Ostholstein (; ) is a district in Schleswig-Holstein, Germany. It is bounded by (from the southwest and clockwise) the districts of Stormarn, Segeberg and Plön, the Baltic Sea and the city of Lübeck.

History

The district was established in 1970 by merging the former districts of Eutin and Oldenburg in Holstein. These former districts have different histories.

The District of Eutin emerged from the Principality, and later Region of Lübeck, which again emerged from the secularised prince-bishopric of Lübeck. In 1803 it became an exclave of the Duchy of Oldenburg (which confusingly has nothing to do with the Holsteinian city of Oldenburg). In 1937 it was transferred to Prussia as the district of Eutin within the Prussian province of Schleswig-Holstein.

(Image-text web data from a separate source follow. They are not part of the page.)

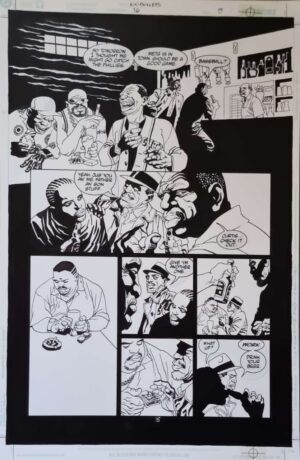 100 Bullets - issue 16, page 5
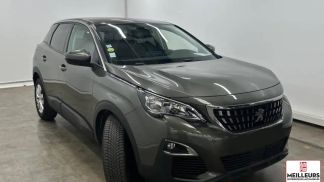 Leasing SUV Peugeot 3008 2019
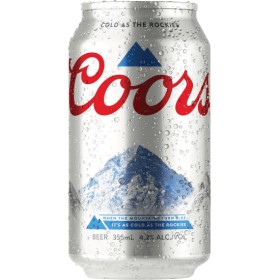 Coors%E2%80%A8+Lager+Cans+24x355mL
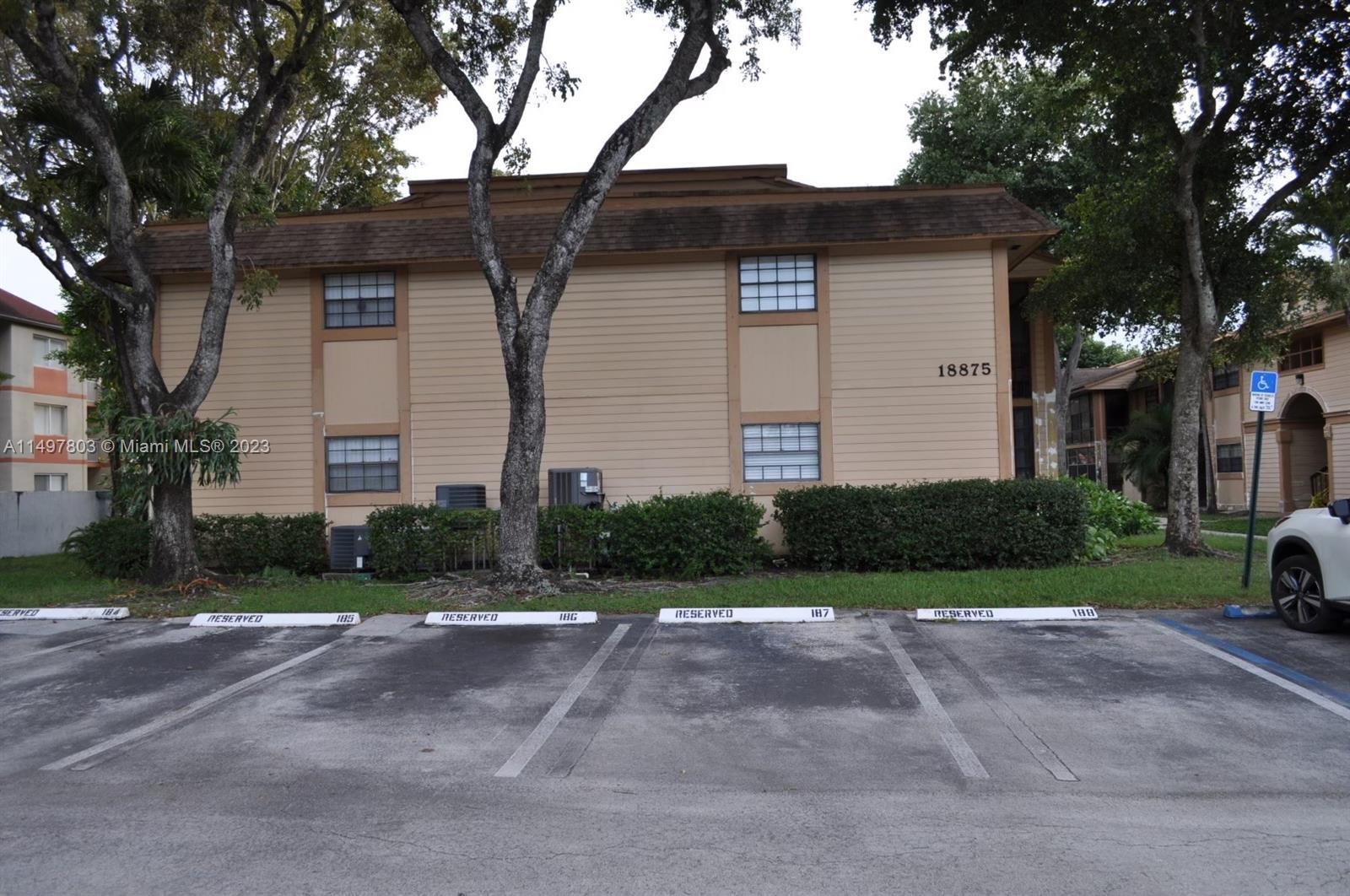 Photo of 18875 NW 62nd Ave #101 in Hialeah, FL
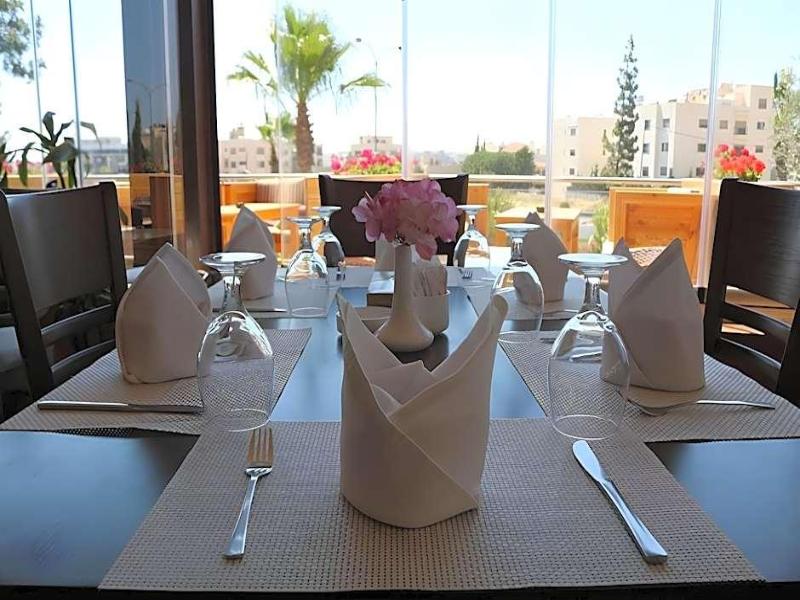 Olive Tree Amman - Genel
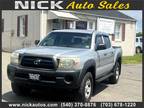 2008 Toyota Tacoma PreRunner Double Cab V6 Auto 2WD CREW CAB PICKUP 4-DR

The region of Oldenburg was a part of the Duchy of Holstein. In 1864 Holstein became subordinate to Prussia, which soon afterwards established the district of Oldenburg in Holstein.

Geography

The district consists of the Wagrien peninsula between the Bay of Lübeck and the Bay of Kiel, the island of Fehmarn, the eastern part of the region called "Holsteinische Schweiz" (Holsatian Switzerland) and the northern suburbs of Lübeck.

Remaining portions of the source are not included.